### The input
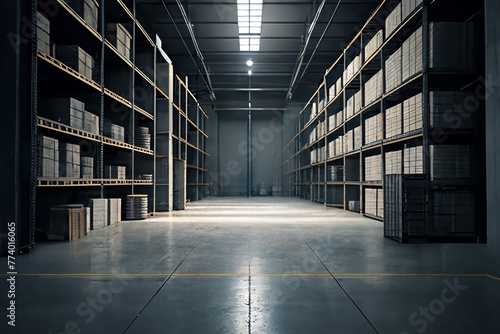 The interior of the Large Storage Room with shelves, racks, and merchandise. Business background. 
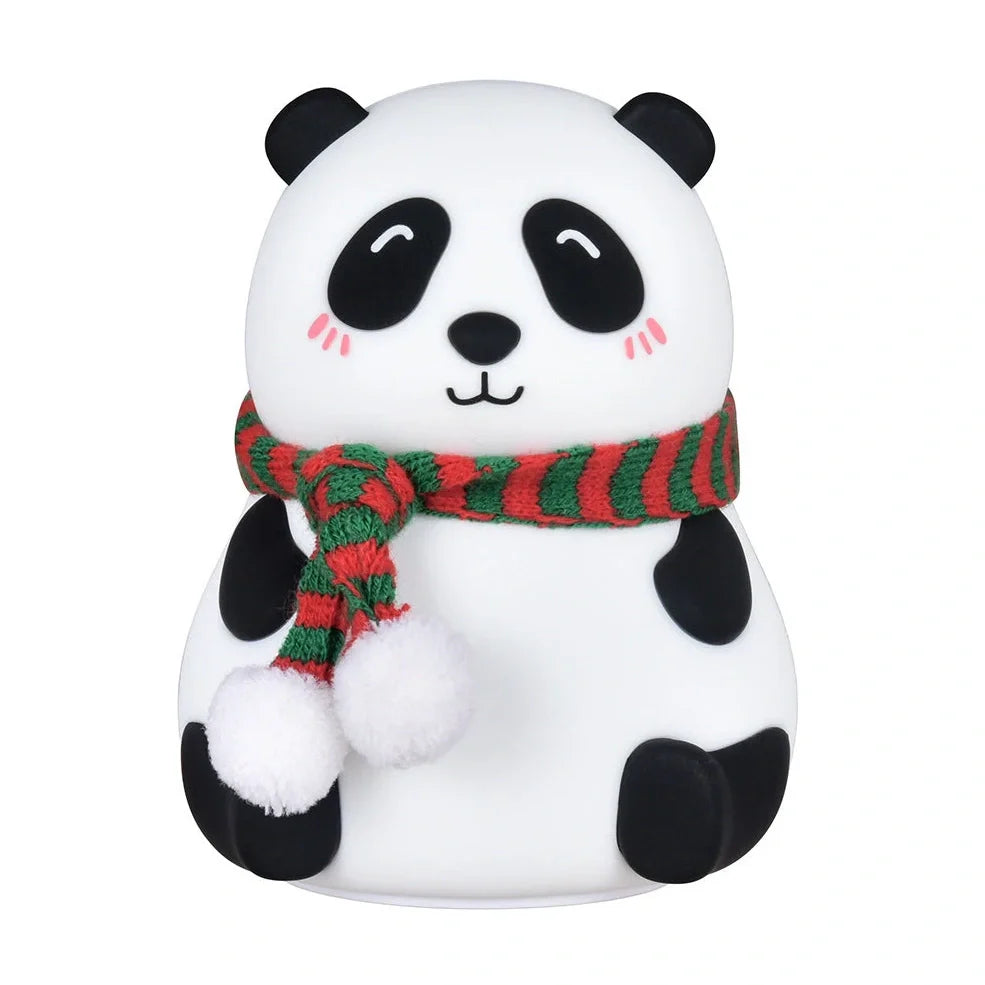 Panda-shaped silicone night light with soft white illumination, USB charging port visible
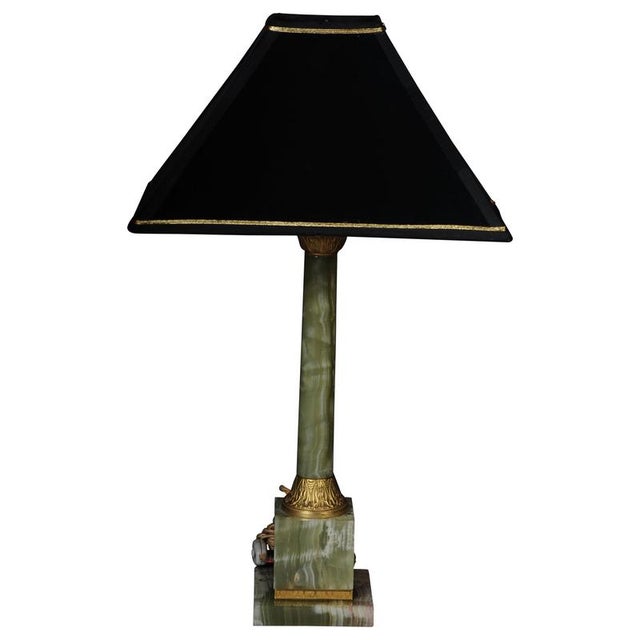 20th Century Classicist Onyx and Brass Table Lamp For Sale - Image 12 of 12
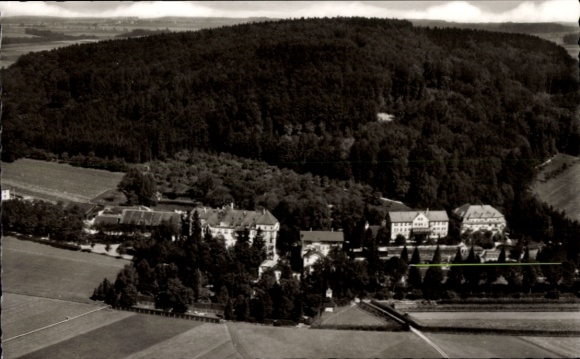 Postcard Jordanbad Biberach an der Riß Upper Swabia Württemberg, aerial view of spa town, surrounded by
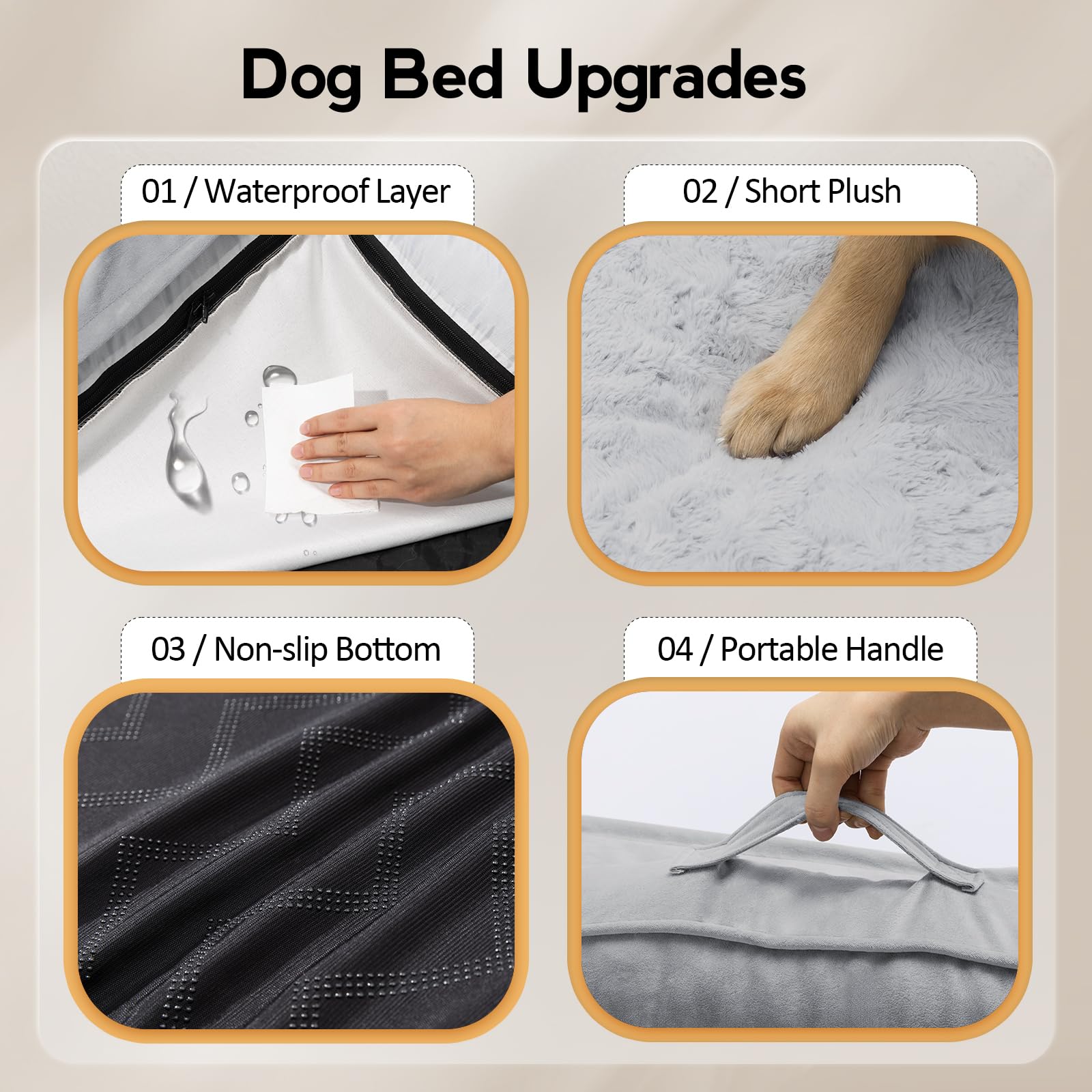 Dog Bed Medium Sized Dogs - Orthopedic Egg-Crate Memory Foam with Removable Washable Cover, Waterproof Pet Bed Couch with Non-Slip Bottom for Large Dog, Grey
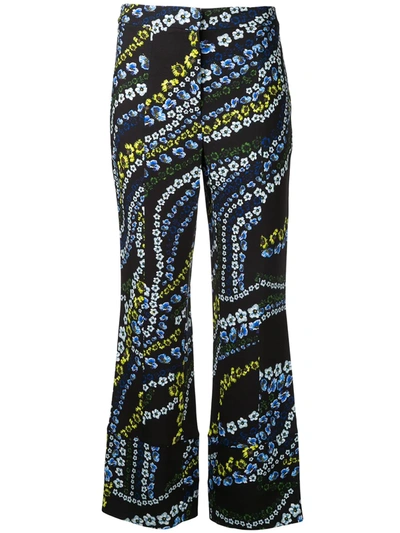 Shop Erdem Flower Print Trousers In Black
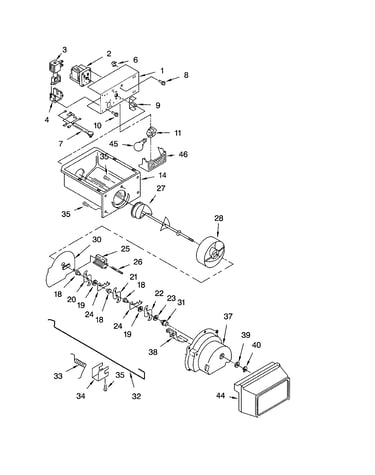 Motor and ice container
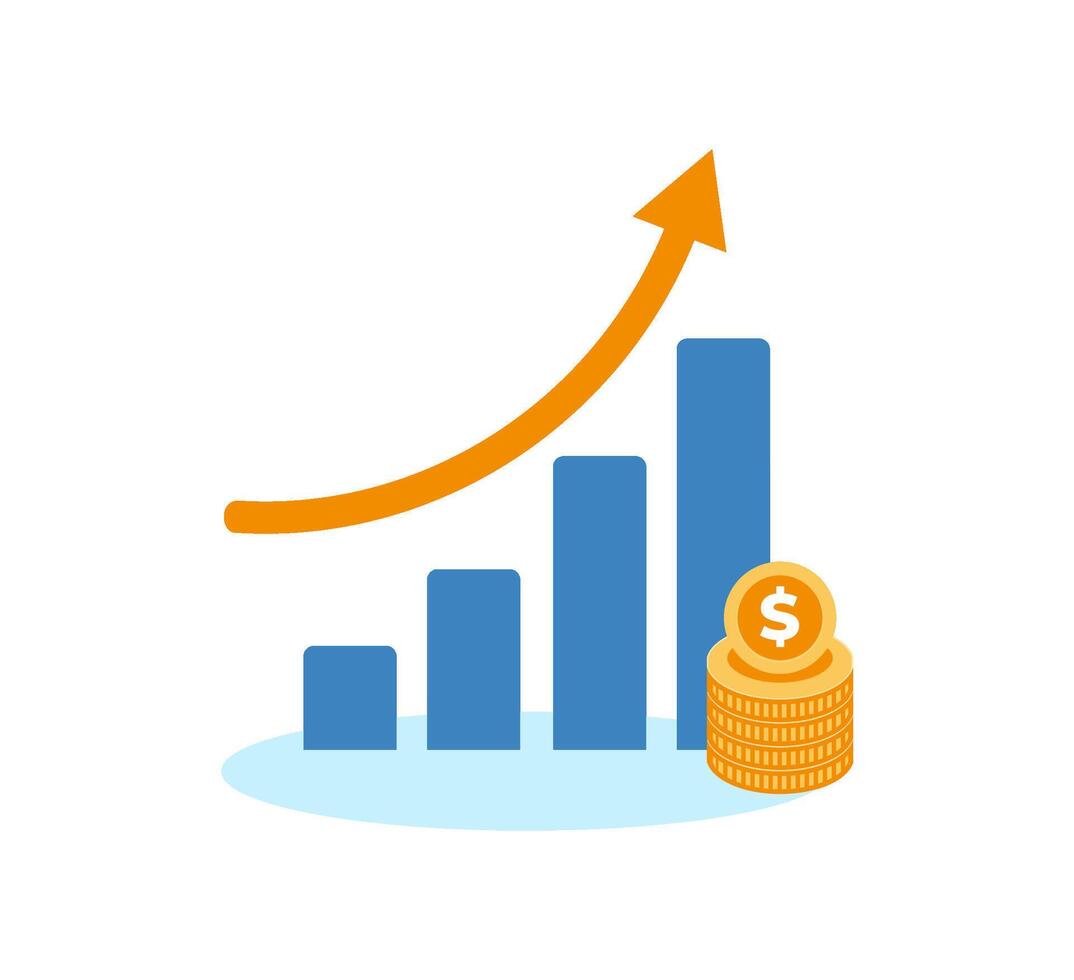 Flat Profit Element. Illustration Of Flat Net Income Isolated On Clean Background. Can Be Used As Profit, Increase And Dollar Symbols vector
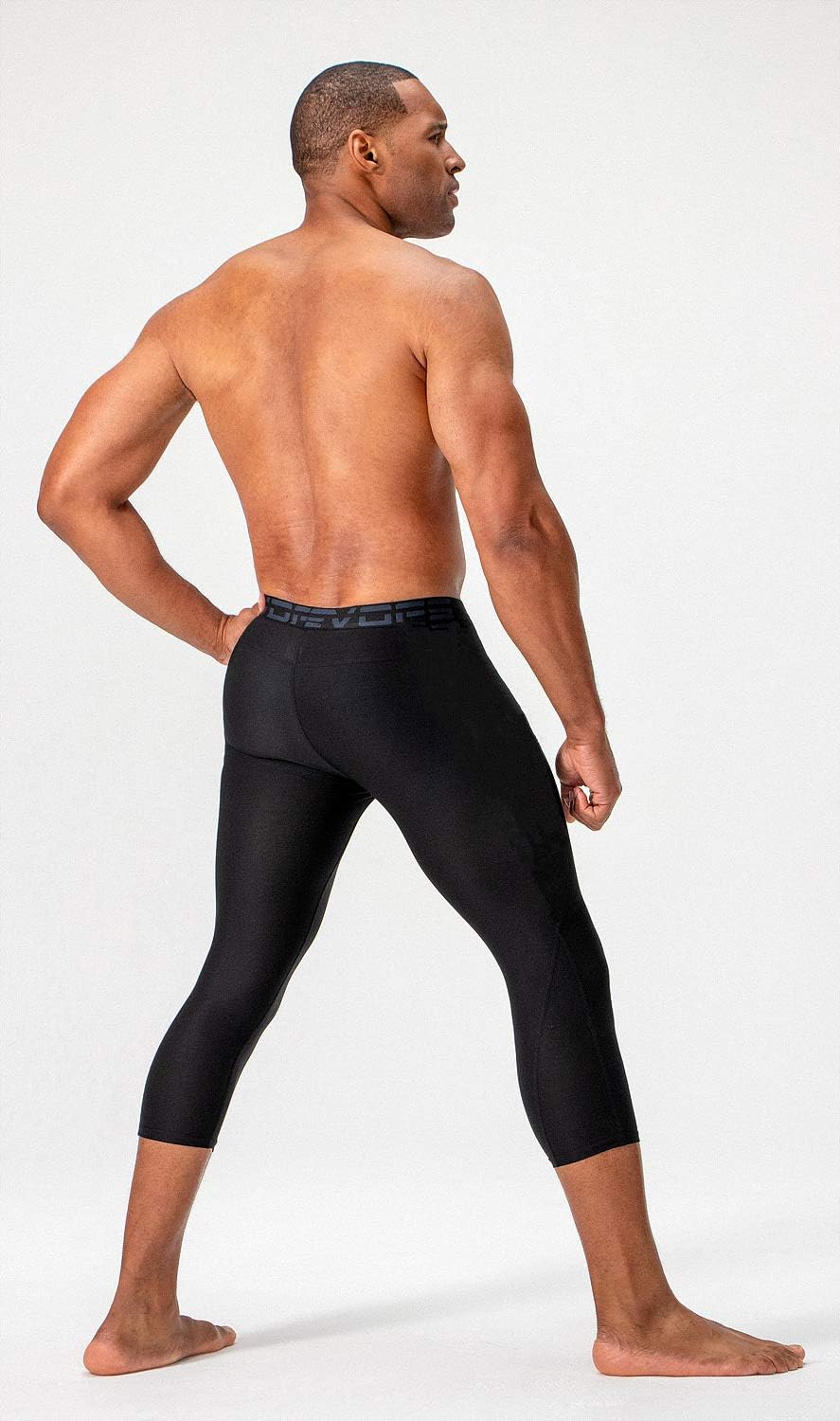 DEVOPS 2 Pack Men's 3/4 Compression Pants Athletic Leggings with Pocket - Image 4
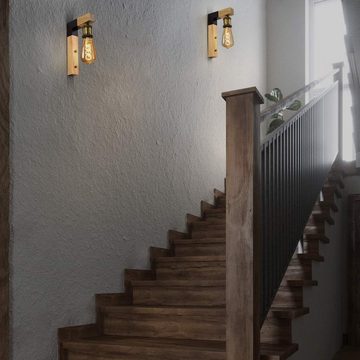 ZMH Wandleuchte vintage Industrie innen Holz E27 Wandbeleuchtung Landhaus Stil, ohne Leuchtmittel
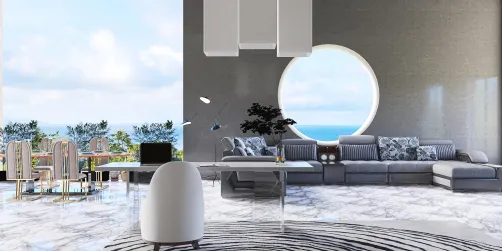 Zen Office/living room with dining room 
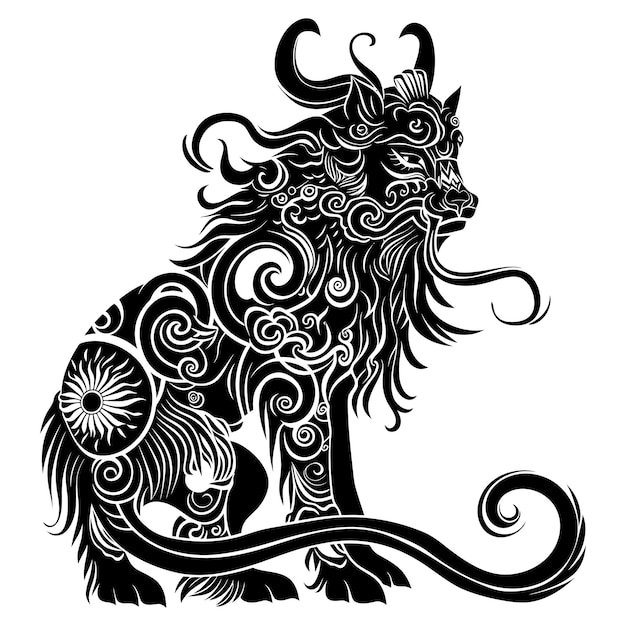 Вектор Силуэт сиези или хаэте мифическое существо древнее зверь только черный цвет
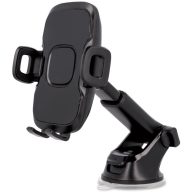   Autós tartó, Univerzális, szélvédőre rögzíthető, 50 - 100 mm széles készülékig, tapadókorongos, teleszkópos, 360°-ban forgatható, MaxLife MXCH-03, fekete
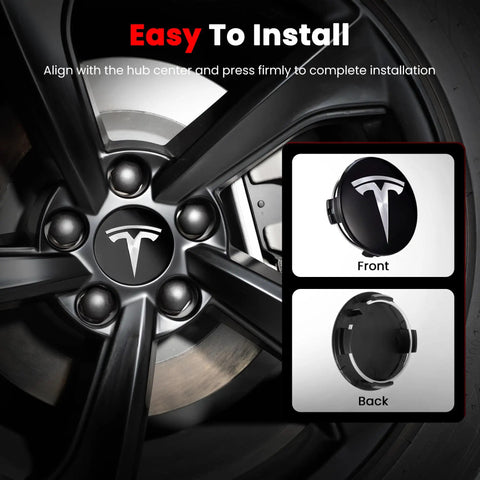 4 Pack Center Hub Caps With 22 Lug Nut Covers For Tesla Model 3 And Model Y, 2.2 Inch Diameter 56mm Rim Covers With Emblem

### Instructions for the task
Print out the records in full and exactly, dropping every picture.

### Solution to this problem
 The interior of the Large Storage Room with shelves, racks, and merchandise. Business background. 
 Panda-shaped silicone night light with soft white illumination, USB charging port visible
 20th Century Classicist Onyx and Brass Table Lamp For Sale - Image 12 of 12
 Postcard Jordanbad Biberach an der Riß Upper Swabia Württemberg, aerial view of spa town, surrounded by
 Dog Bed Medium Sized Dogs - Orthopedic Egg-Crate Memory Foam with Removable Washable Cover, Waterproof Pet Bed Couch with Non-Slip Bottom for Large Dog, Grey
 Shop Erdem Flower Print Trousers In Black
 Motor and ice container
 Flat Profit Element. Illustration Of Flat Net Income Isolated On Clean Background. Can Be Used As Profit, Increase And Dollar Symbols vector
 DEVOPS 2 Pack Men's 3/4 Compression Pants Athletic Leggings with Pocket - Image 4
 ZMH Wandleuchte vintage Industrie innen Holz E27 Wandbeleuchtung Landhaus Stil, ohne Leuchtmittel
 Zen Office/living room with dining room 
 Вектор Силуэт сиези или хаэте мифическое существо древнее зверь только черный цвет
   Autós tartó, Univerzális, szélvédőre rögzíthető, 50 - 100 mm széles készülékig, tapadókorongos, teleszkópos, 360°-ban forgatható, MaxLife MXCH-03, fekete
 4 Pack Center Hub Caps With 22 Lug Nut Covers For Tesla Model 3 And Model Y, 2.2 Inch Diameter 56mm Rim Covers With Emblem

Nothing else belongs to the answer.